I want to calculate the total sum of the amounts corresponding to the secondary accounts and compare its value with the primary account. In the following example, the account number that begins with "643" is the primary account and the accounts which appear after that are its secondary. Again another primary account appears which begins with "643" followed by its secondary accounts. I want to group the records that comprises primary and its secondary and compute the sum of the amounts for secondary accounts.

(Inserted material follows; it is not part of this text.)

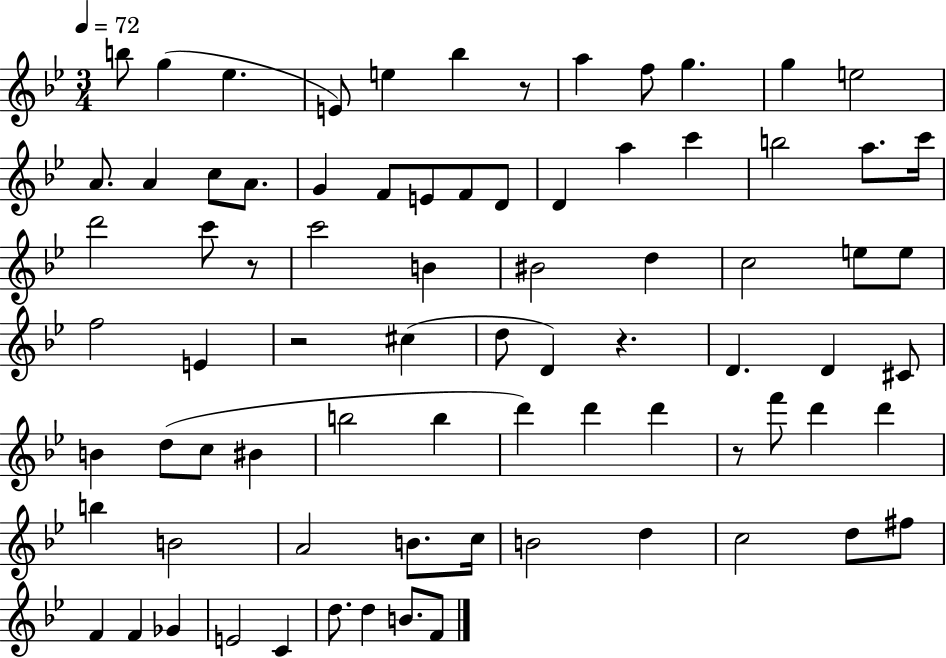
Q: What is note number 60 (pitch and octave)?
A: C5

Input: Account, Amount 643100, 10000 ---- primary account 234100, 4000 ---- secondary account 231300, 1000 ---- secondary account 136400, 5000 ---- secondary account 643841, 20000 ---- next group 562100, 10000 432176, 10000 643304, 40000 ---- next group 124562, 20000 234567, 5000
Output: Account, Amount, sumofsecamounts 643100, 10000, 10000 643841, 20000, 20000 643304, 40000, 25000
You have some problems you need to solve.
.
import org.apache.spark.sql.expressions.Window
import org.apache.spark.sql.functions._
spark.sql("create table accounts ( Account int, Amount int, order int)") // I had to add order so my data would land in the format you had.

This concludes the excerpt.